▸ **What is required**: Reproduce, exactly and in full, the lines from the one with "JM Collection Petite" through the one with "A-Line 3/4 Sleeve" in the data below; drop pictures.

▸ **Data records**:
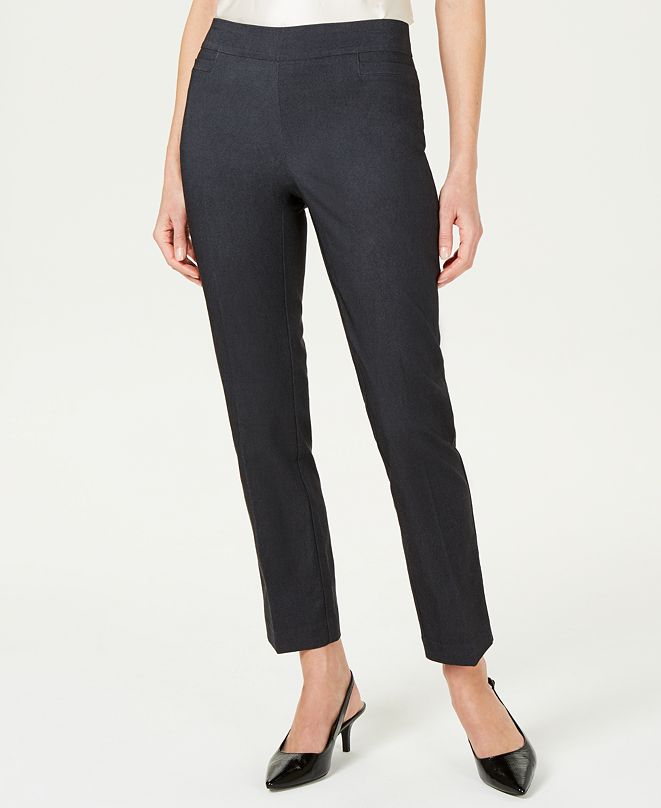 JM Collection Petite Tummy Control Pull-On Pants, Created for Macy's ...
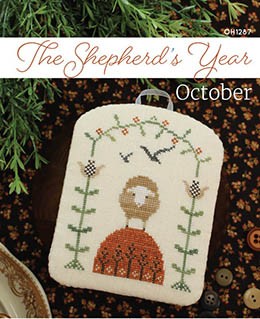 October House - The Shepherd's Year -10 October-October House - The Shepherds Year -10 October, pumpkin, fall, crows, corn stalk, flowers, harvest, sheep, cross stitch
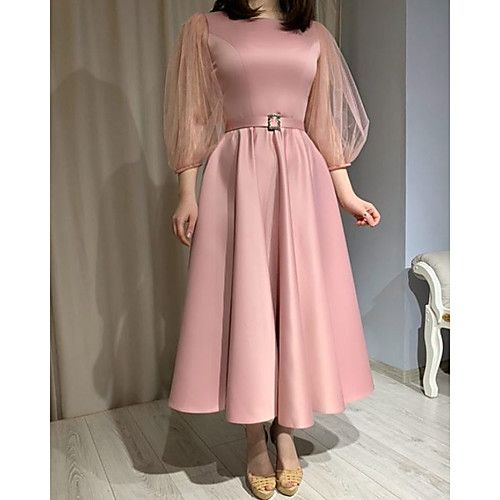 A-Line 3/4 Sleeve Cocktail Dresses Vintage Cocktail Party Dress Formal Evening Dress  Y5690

...

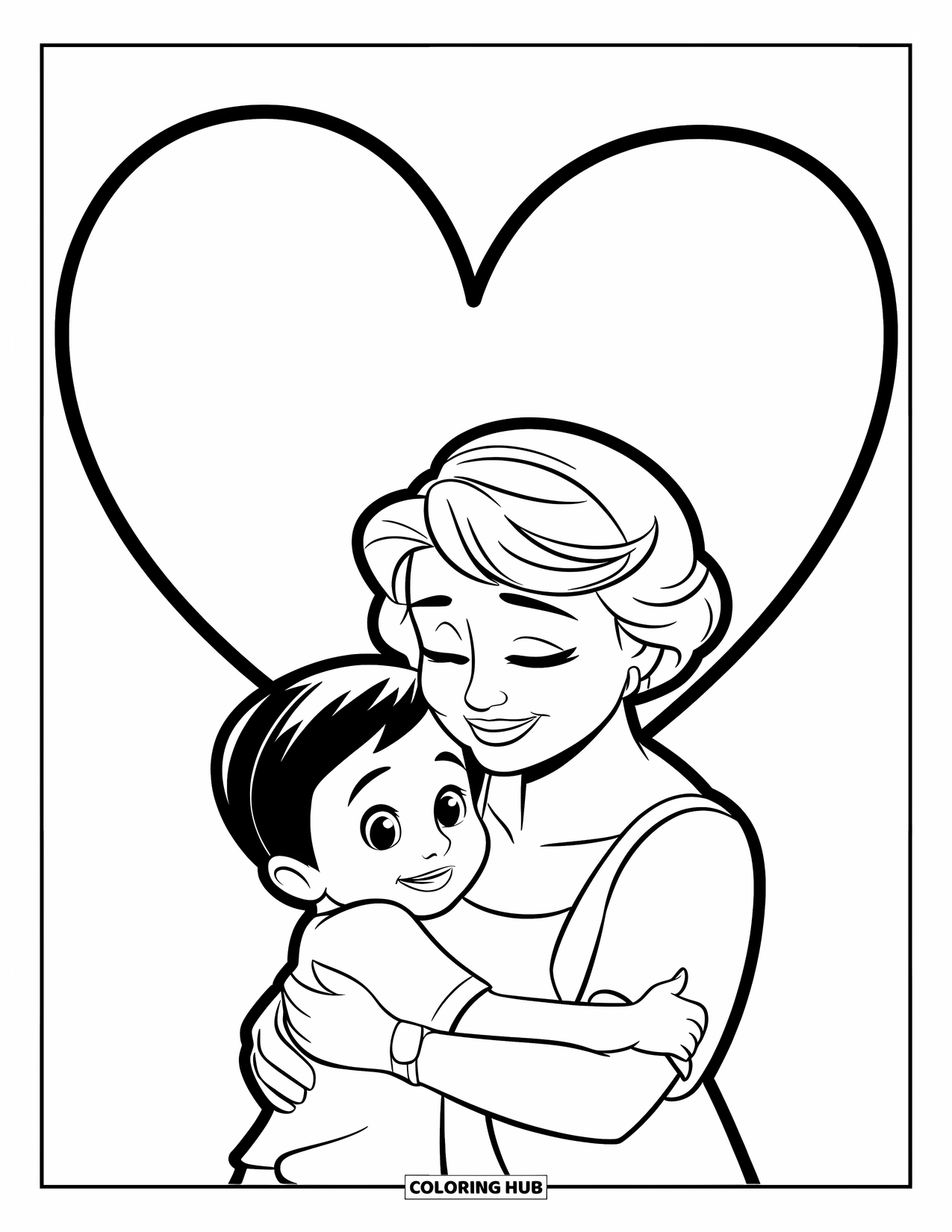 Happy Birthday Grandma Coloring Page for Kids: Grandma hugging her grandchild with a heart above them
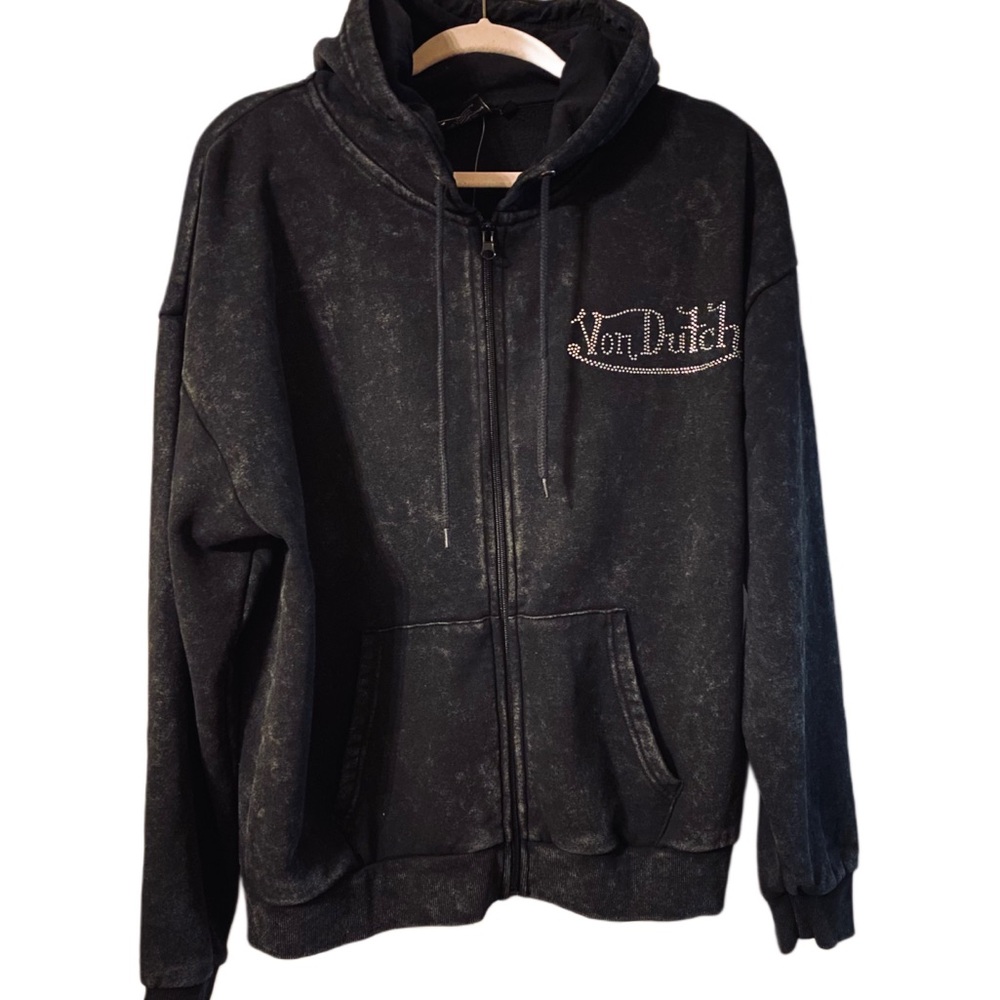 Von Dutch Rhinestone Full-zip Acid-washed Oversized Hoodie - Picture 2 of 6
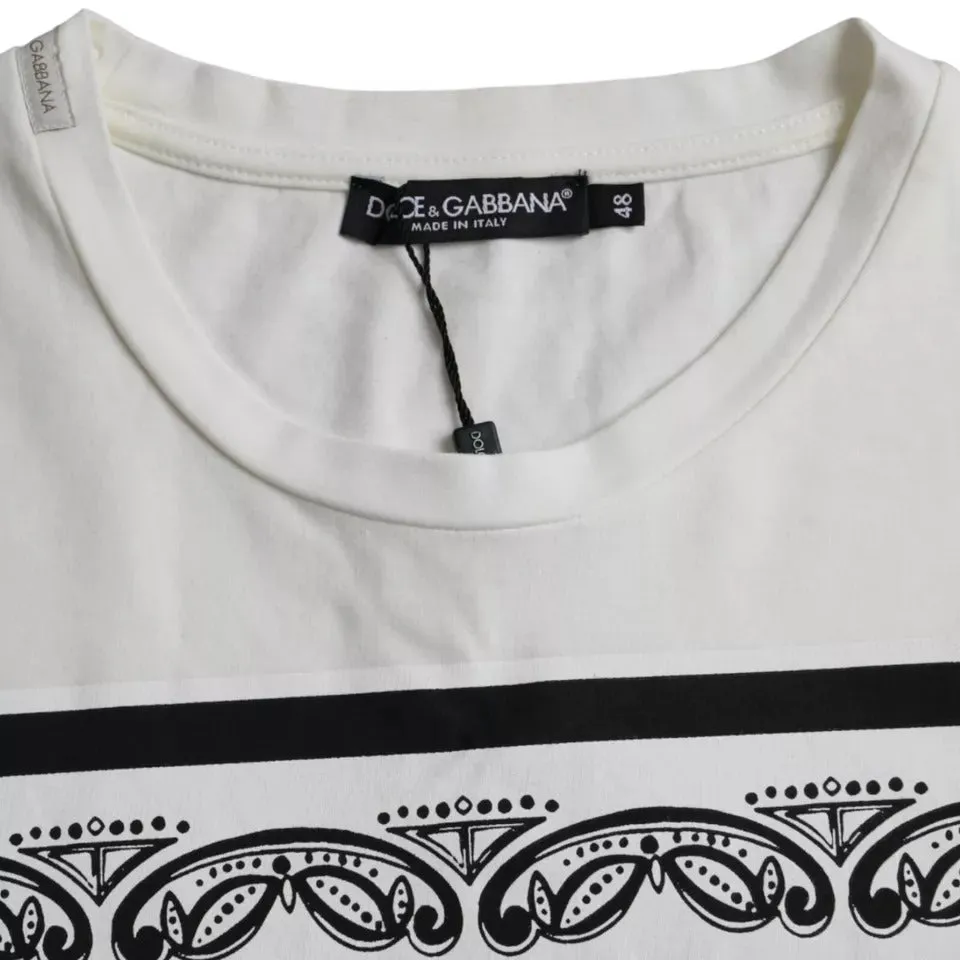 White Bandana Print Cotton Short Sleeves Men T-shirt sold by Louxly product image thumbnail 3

==

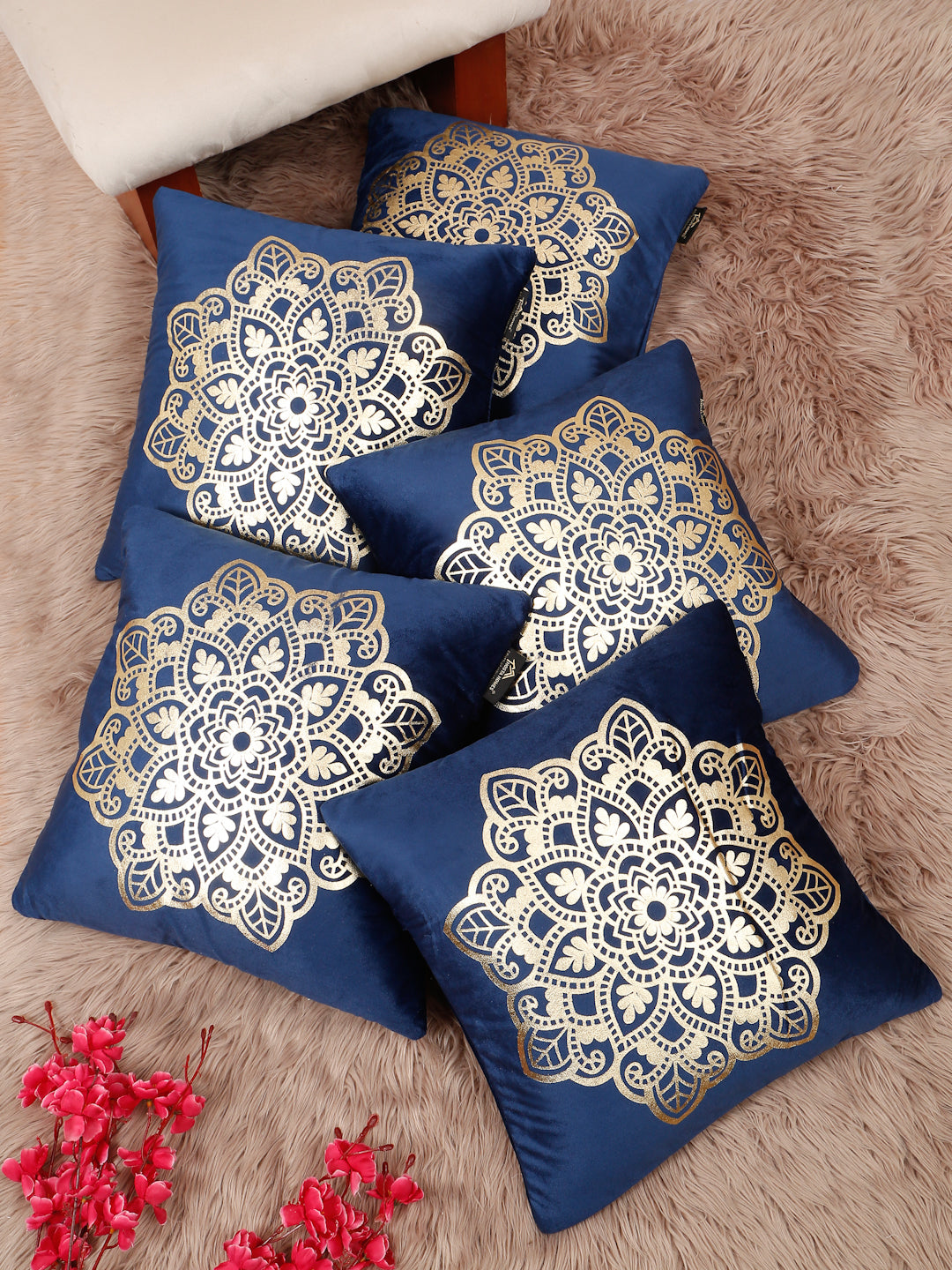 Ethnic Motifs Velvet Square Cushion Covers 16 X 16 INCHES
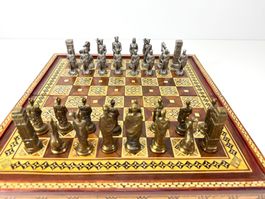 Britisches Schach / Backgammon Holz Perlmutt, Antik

▸ **Task response**:
 JM Collection Petite Tummy Control Pull-On Pants, Created for Macy's ...
 October House - The Shepherd's Year -10 October-October House - The Shepherds Year -10 October, pumpkin, fall, crows, corn stalk, flowers, harvest, sheep, cross stitch
 A-Line 3/4 Sleeve Cocktail Dresses Vintage Cocktail Party Dress Formal Evening Dress  Y5690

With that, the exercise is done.